[AIM OF THE EXERCISE]: I'd like the entire listing output verbatim, apart from the pictures.

[DATASET CONTENT]:
▬▬▬▬▬▬

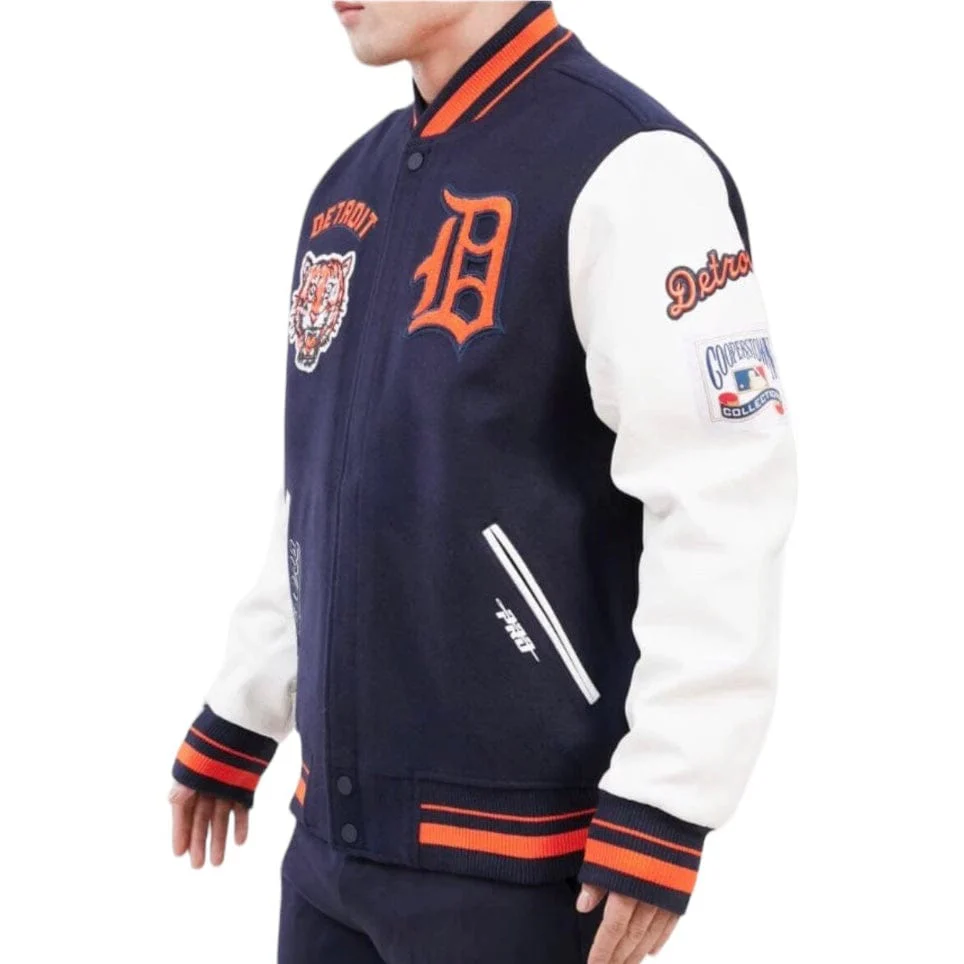 Pro Standard Detroit Tigers Retro Classic Rib Wool Varsity Jacket (Navy/Orange) - Image 3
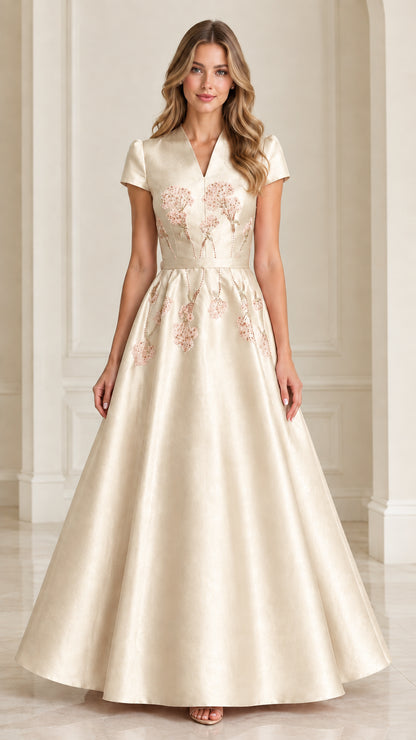 Front view of model wearing Champagne satin beaded formal dress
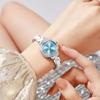 OLEVS Waterproof Quartz Popular Perfect Gift for Stylish Business Watch with Date Slim Silver Stainless Steel Turquoise Blue Dial Women's Watch, Blue,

▬▬▬▬▬▬

[ANSWER SPACE]:
 Pro Standard Detroit Tigers Retro Classic Rib Wool Varsity Jacket (Navy/Orange) - Image 3
 Front view of model wearing Champagne satin beaded formal dress
 OLEVS Waterproof Quartz Popular Perfect Gift for Stylish Business Watch with Date Slim Silver Stainless Steel Turquoise Blue Dial Women's Watch, Blue,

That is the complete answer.